My belief is that if you are comparing execution times between two different environments, then you should be doing that on exactly the same hardware configuration and if that is not feasible, you should at-least match the CPU, physical RAM and disk sub-system on both sides. I had already documented in an earlier blog post why RAM/CPU configurations are important when comparison execution statistics between two different SQL Server environments. Ideally, you should have the same exact environment as your test environment including the workload (i.e. number of users, connections etc.). However, we all know that Utopia is not a place where we live in and hence the toned down test scripts, scaled down/up environments, shared resources and I could keep lamenting!!

In the last month, I dealt with two such issues where in a T-SQL batch performing a large number of inserts on a database table was being used to compare the performance between two different environments. Since I get called in to fix a problem and no-one generally calls CSS to tell us that their server is running as expected… the problem invariably happened to be that a bigger, beefier server was taking a longer time to execute the same batch. I shall demonstrate where not knowing about the WAL protocol can cause such test mechanisms to be skewed and take you down the proverbial rabbit-hole!

The script that I shall be using for demonstrating the pitfalls of this behavior is pretty simple:

declare @cntr int = 1
while @cntr <= 1000000
begin
insert into tblInserts (SNo,RowVal) values(@cntr,’Record ID ‘ +CAST(@cntr as varchar(7)))
set @cntr += 1
end

The script inserts 1 million rows into a database table (a heap table) using a while loop. During the time of the insert, I shall capture various performance counter values during the execution along with wait statistics for the query.

Modification: September 9th, 2011: Based on Kendra’s (Twitter) feedback, changing the sub-headings. Test 1 makes use of auto-commit mode of SQL Server which is the default and Test 2 can be achieved either by using implicit transaction mode or performing an explicit transaction (BEGIN…COMMIT).
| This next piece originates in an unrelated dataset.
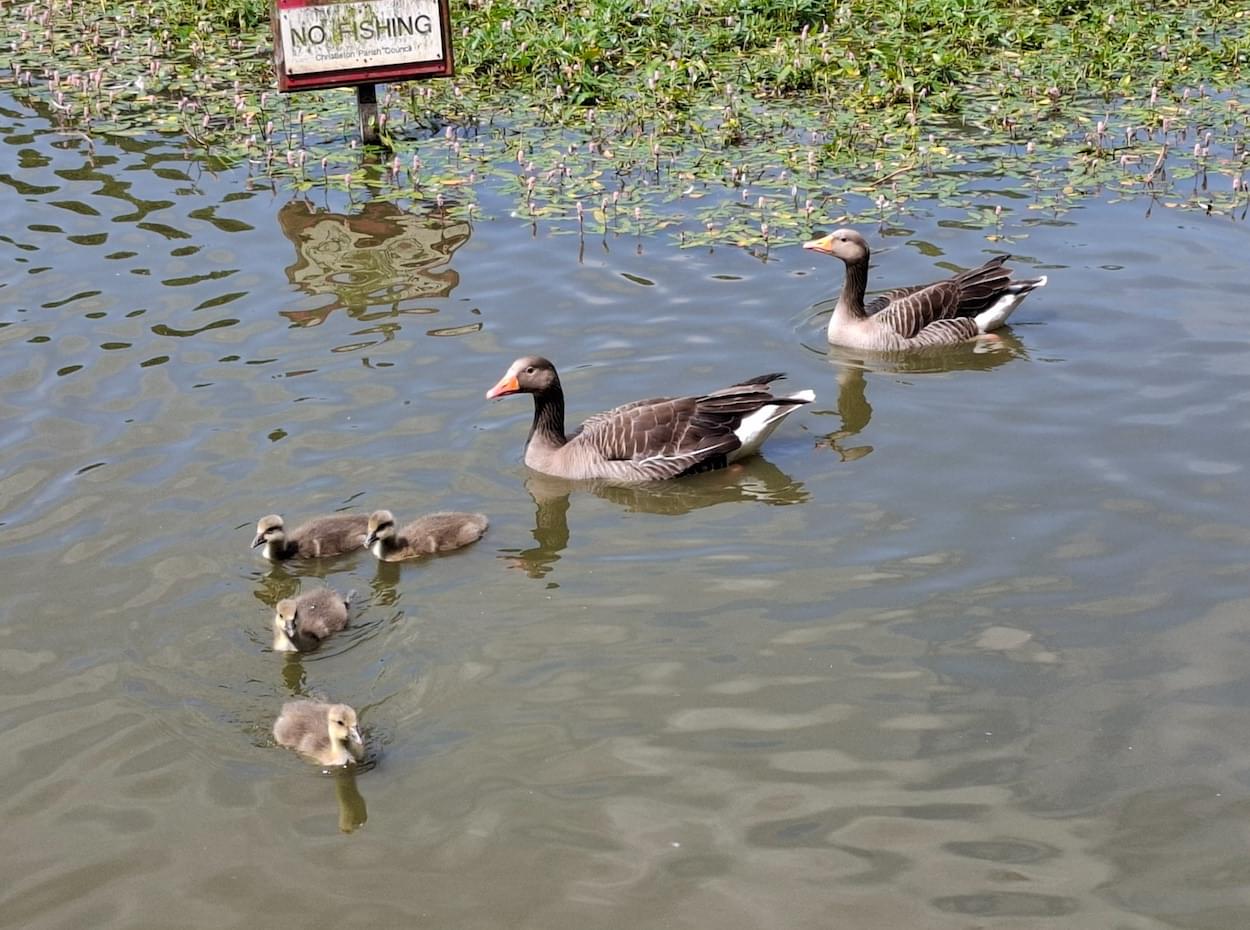 Greylag family on the Pit at Christleton  Greylag family on the Pit at Christleton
Test 1: With AutoCommit mode

For two iterations the above script on an average took 8 minutes and 30 seconds to complete. When I looked into the wait statistics captured (at 5 second intervals), I don’t see anything standing out other than a few non-zero wait durations for WRITELOGs during certain periods. The non-zero wait times (in milli-seconds) are shown below with the highest value being captured being 10 milli-seconds. The Average Disk Secs/(Read/Write) don’t show me any outstanding values during the data capture to indicate that the disk was a bottleneck, then why does the data below show so many WRITELOG waits. Keep in mind that the total amount of time waited for as indicated by the data below is also not a significantly large amount. So why is it taking over eight minutes to insert the data??image

Runtime Session_id Status Wait_type Wait_time Last_Wait_Type
12:46 AM 51 suspended WRITELOG 10 WRITELOG
12:46 AM 51 suspended WRITELOG 7 WRITELOG
12:47 AM 51 suspended WRITELOG 1 WRITELOG
12:47 AM 51 suspended WRITELOG 2 WRITELOG
12:47 AM 51 suspended WRITELOG 3 WRITELOG
12:47 AM 51 suspended WRITELOG 2 WRITELOG
12:48 AM 51 suspended WRITELOG 7 WRITELOG
12:49 AM 51 suspended WRITELOG 8 WRITELOG
12:49 AM 51 suspended WRITELOG 1 WRITELOG
12:49 AM 51 suspended WRITELOG 10 WRITELOG
12:49 AM 51 suspended WRITELOG 6 WRITELOG
12:50 AM 51 suspended WRITELOG 2 WRITELOG
12:51 AM 51 suspended WRITELOG 3 WRITELOG
12:51 AM 51 suspended WRITELOG 4 WRITELOG
12:51 AM 51 suspended WRITELOG 1 WRITELOG
12:51 AM 51 suspended WRITELOG 2 WRITELOG
12:52 AM 51 suspended WRITELOG 5 WRITELOG
12:52 AM 51 suspended WRITELOG 7 WRITELOG
12:53 AM 51 suspended WRITELOG 1 WRITELOG
12:53 AM 51 suspended WRITELOG 8 WRITELOG

To explain the query, I would need to fall back of SQL Server Performance Monitor counters (sampled at 5 second intervals). On analysis of the performance monitor counters, I found the following:
a. SQLServer:Databases: Log Bytes Flushed/sec showed that on an average 3.1 MB of log bytes were being flushed every 5 seconds for the database on which I was performing the inserts.
b. SQLServer:DatabasesLog Flushes/sec showed that about 6000 log flushes were occurring for this database every 5 seconds on an average.
c. SQLServer:Wait Statistics: Log write waits shows me that on an average there were about 9000+ waits started per second. However, the Cumulative wait time (ms) per second for the same counter shows me negligible values and the Average wait time (ms) value is nearly zero through the data collection period.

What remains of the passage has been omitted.